• WHAT THE EXERCISE ASKS: Leaving out pictures, output exactly the lines below from the one that has "Grow In Grace" through the one that has "Juego de Brochas de Maquillaje de", and nothing else.

• SUPPLIED ENTRIES:
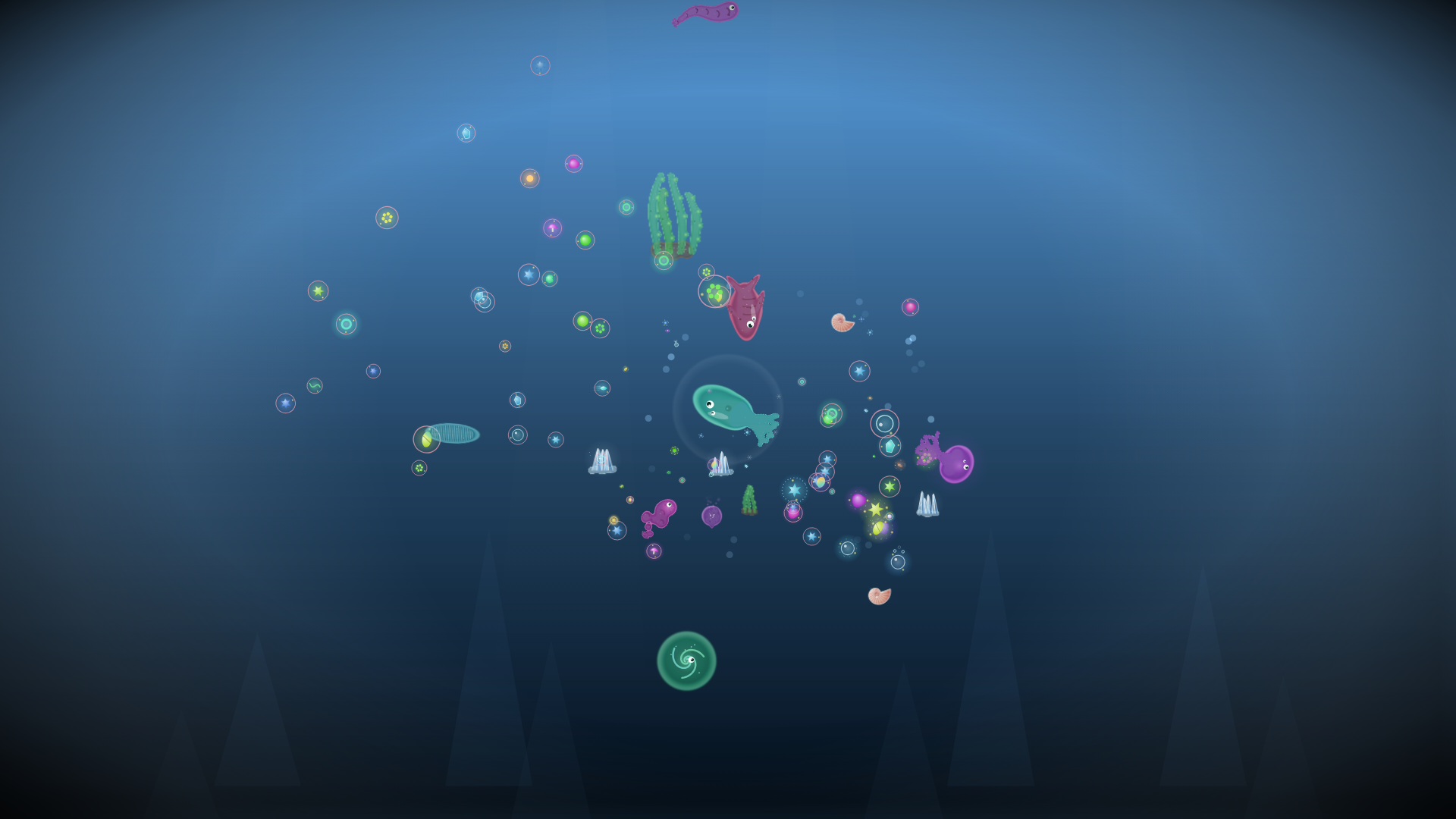 GLOB gameplay: a cell crossing an open field of water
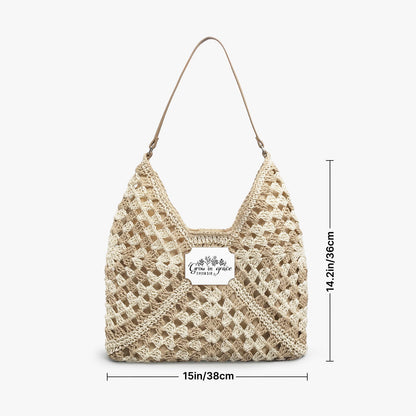 Grow In Grace Christian Crochet Straw Bag - ClaimedbyGodDesigns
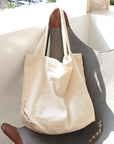 Large Capacity Cotton Canvas Tote Canvas Shoulder Bag Everyday Tote Corduroy Shoulder Tote Bag Simple Canvas Bag Best Gift
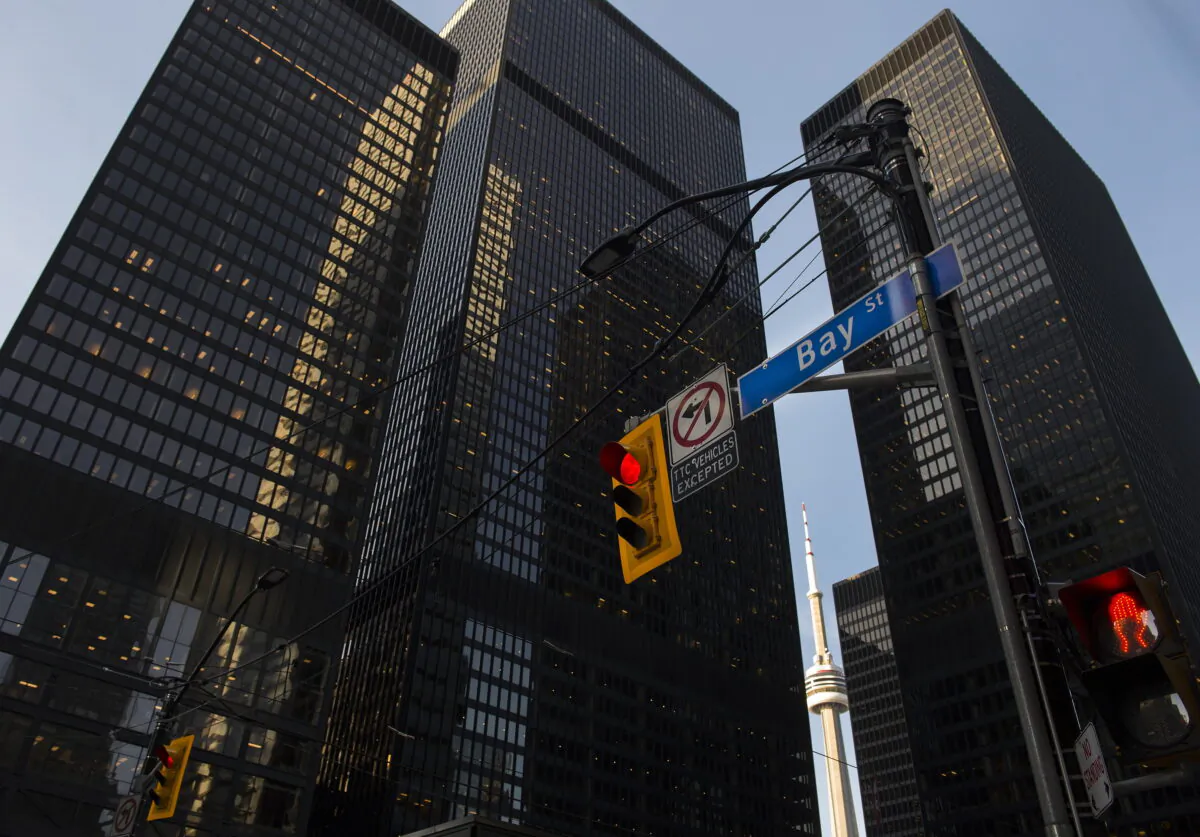 Bay Street in Canada's financial district in Toronto in a file photo. (The Canadian Press/Nathan Denette)
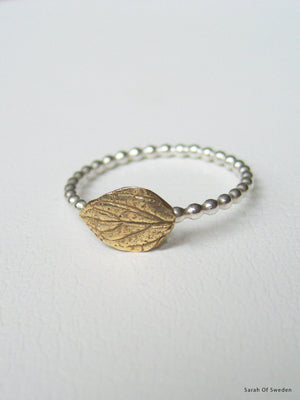 Löv ring i silver och brons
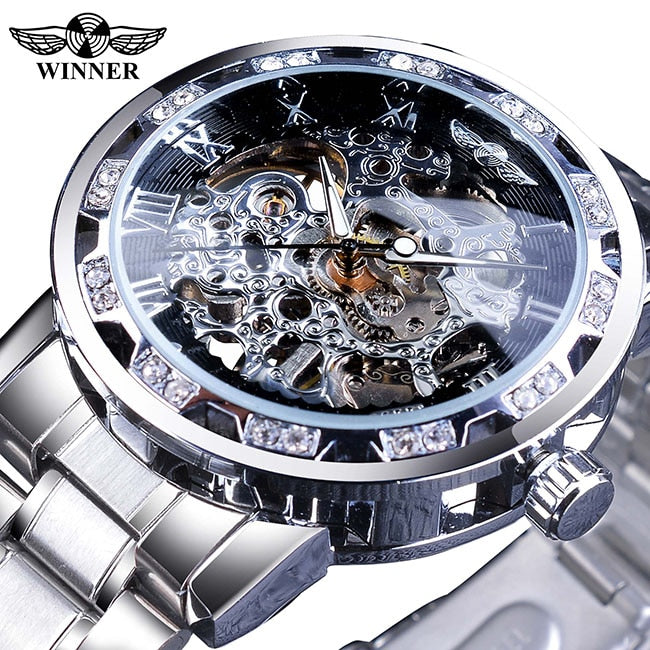 Mens Rhinestone Roman Analog Skeleton Mechanical Stainless Steel Luminous Watch - Pleasures and Sins   Pleasures and Sins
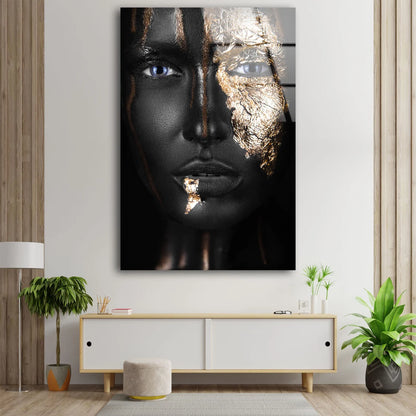 Girl with Black & Gold Makeup Portrait Photograph Acrylic Glass Print Tempered Glass Wall Art 100% Made in Australia Ready to Hang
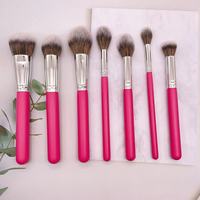 Juego de Brochas de Maquillaje de Alta Calidad de 7/8/15 Piezas, Color Rosa Rojo, Brocha para Rubor, Polvo, Sombra de Ojos, Cejas, Juego de Brochas de Maquillaje Glitz and Glam
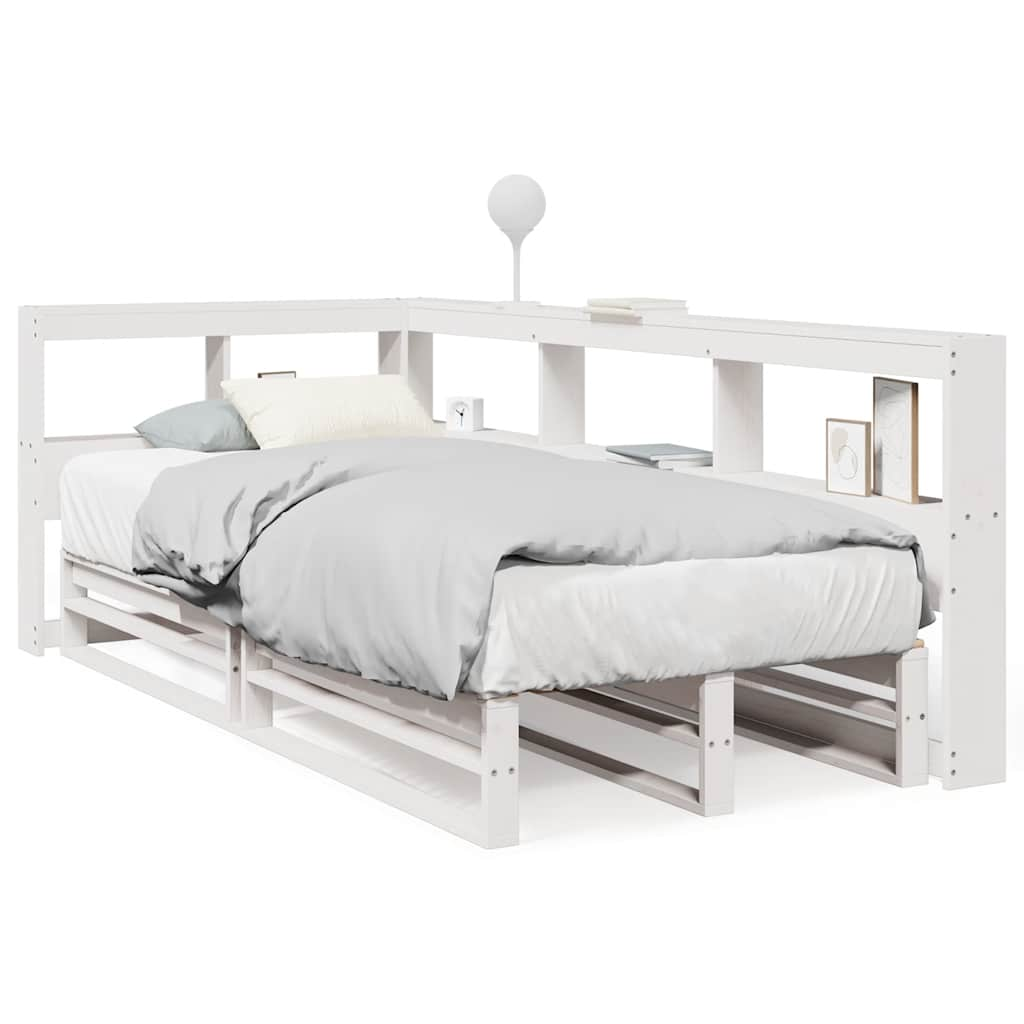 Letto Libreria senza Materasso Bianco 90x190 cm Massello Pino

• SOLUTION BELOW:
 Grow In Grace Christian Crochet Straw Bag - ClaimedbyGodDesigns
 Large Capacity Cotton Canvas Tote Canvas Shoulder Bag Everyday Tote Corduroy Shoulder Tote Bag Simple Canvas Bag Best Gift
 Bay Street in Canada's financial district in Toronto in a file photo. (The Canadian Press/Nathan Denette)
 Löv ring i silver och brons
 Mens Rhinestone Roman Analog Skeleton Mechanical Stainless Steel Luminous Watch - Pleasures and Sins   Pleasures and Sins
 Girl with Black & Gold Makeup Portrait Photograph Acrylic Glass Print Tempered Glass Wall Art 100% Made in Australia Ready to Hang
 Juego de Brochas de Maquillaje de Alta Calidad de 7/8/15 Piezas, Color Rosa Rojo, Brocha para Rubor, Polvo, Sombra de Ojos, Cejas, Juego de Brochas de Maquillaje Glitz and Glam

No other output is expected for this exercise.